Efficient Bit Manipulation in Go 1.9
Exploring the maths/bits package
Go 1.9, released in August 2017, introduced the maths/bits
package. This package provides optimized functions for bit counting and manipulation of unsigned integers. These are useful in low-level environments where the individual bits stored in an integer are of importance.

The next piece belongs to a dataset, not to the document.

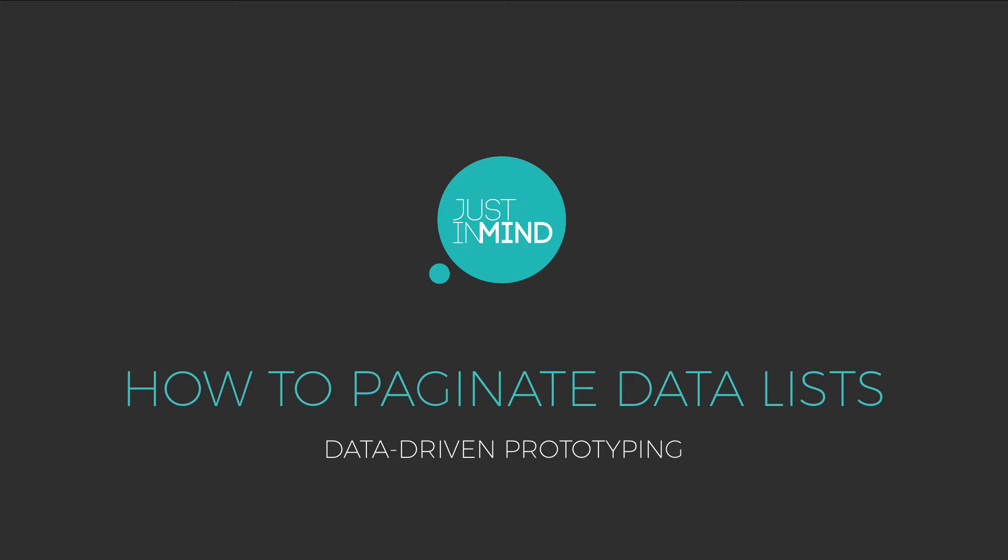With Justinmind, you can create data-driven prototypes with your own real data and functional data tables.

Let's take a look at some of the functions.
First up, Len
returns the minimum number of bits required to represent a value x
.
package main
import (
"fmt"
"math/bits"
)
func main() {
var a uint = 31
fmt.Printf("bits.Len(%d) = %d\n", a, bits.Len(a))
a++
fmt.Printf("bits.Len(%d) = %d\n", a, bits.Len(a))
}
Which outputs:
bits.Len(31) = 5
bits.Len(32) = 6
This is because 31 is 11111
in binary, and 32 is 100000
. The first significant bit is in each case is in position 5 and 6, respectively, when counting positions from the right.
This also allows us to easily illustrate the OnesCount
function, which returns the number of bits set to 1 in a given number:
package main
import (
"fmt"
"math/bits"
)
func main() {
var a uint = 31
fmt.Printf("bits.OnesCount(%d) = %d\n", a, bits.OnesCount(a))
a++
fmt.Printf("bits.OnesCount(%d) = %d\n", a, bits.OnesCount(a))
}
which outputs:
bits.OnesCount(31) = 5
bits.OnesCount(32) = 1
We also have LeadingZeros
, TrailingZeros
, Reverse
and ReverseBytes
. Let's use all of these in a single program to demonstrate how they work. In the next example, we use the uint16
version of these functions to keep the output short and readable. We could just as easily use the 32-bit, 64-bit or unspecified versions.
package main
import (
"fmt"
"math/bits"
"os"
"text/tabwriter"
)
func main() {
// read an unsigned integer from stdin
var i uint16
_, err := fmt.Scanf("%d", &i)
if err != nil {
i = 100
fmt.Println("Defaulting to 100")
}
// create a tabwriter for formatting the output
w := new(tabwriter.Writer)
// Format in tab-separated columns with a tab stop of 8.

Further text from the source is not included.